┏━━

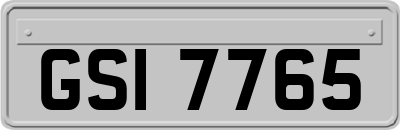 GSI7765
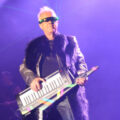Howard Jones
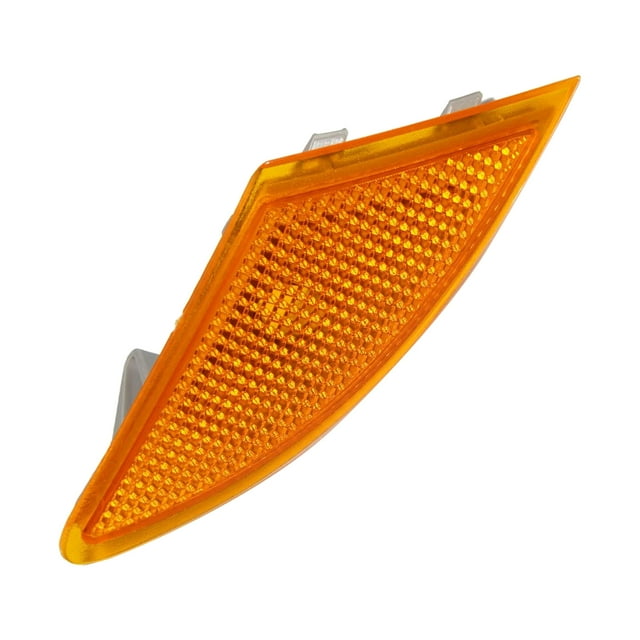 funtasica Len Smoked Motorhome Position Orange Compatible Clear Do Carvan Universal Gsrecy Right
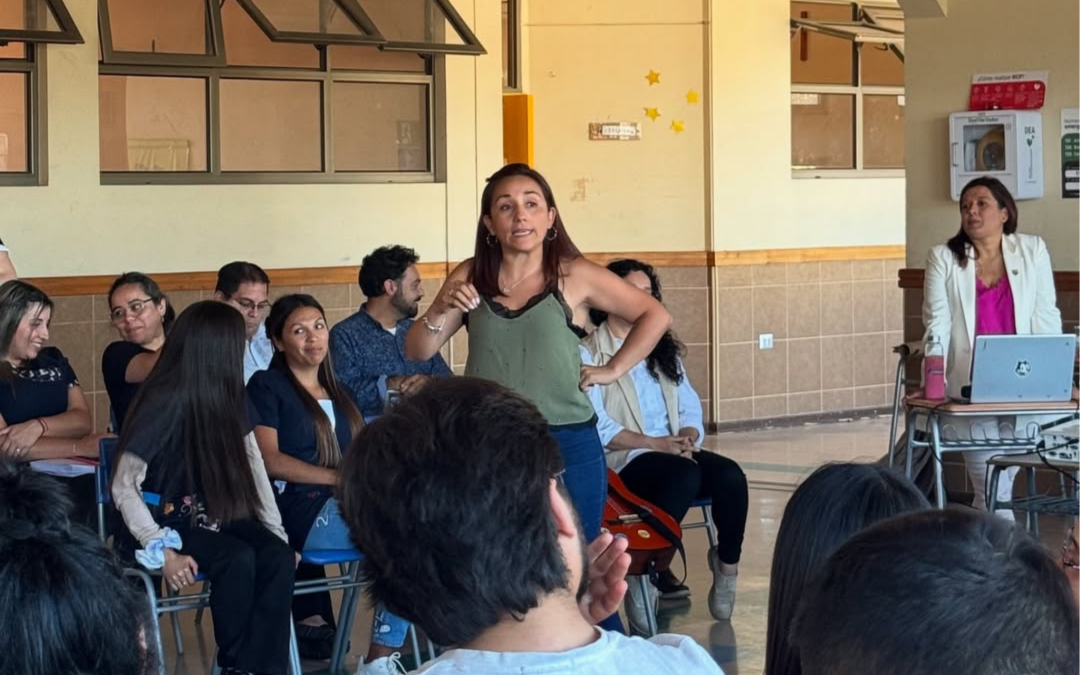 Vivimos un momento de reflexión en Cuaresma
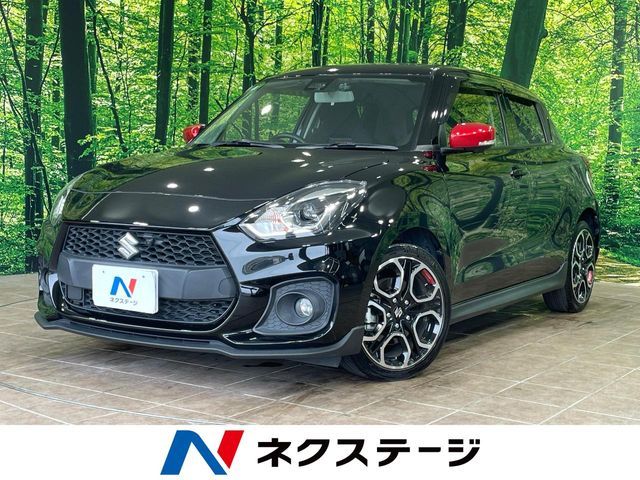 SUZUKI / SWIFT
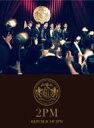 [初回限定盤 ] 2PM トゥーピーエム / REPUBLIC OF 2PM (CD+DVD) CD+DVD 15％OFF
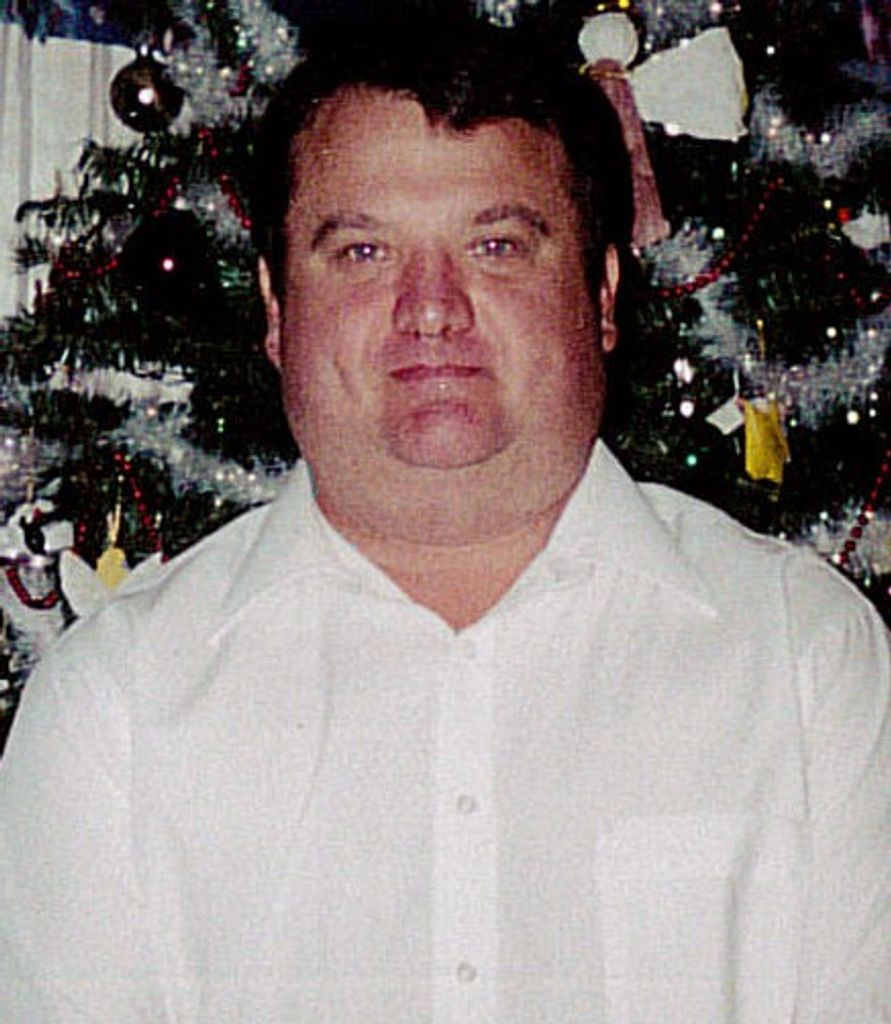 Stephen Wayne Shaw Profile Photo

┗━━

Your answer must be an exact copy of the records, minus any pictures.

 GSI7765
Howard Jones
 funtasica Len Smoked Motorhome Position Orange Compatible Clear Do Carvan Universal Gsrecy Right
 Vivimos un momento de reflexión en Cuaresma
 SUZUKI / SWIFT
 [初回限定盤 ] 2PM トゥーピーエム / REPUBLIC OF 2PM (CD+DVD) CD+DVD 15％OFF
 Stephen Wayne Shaw Profile Photo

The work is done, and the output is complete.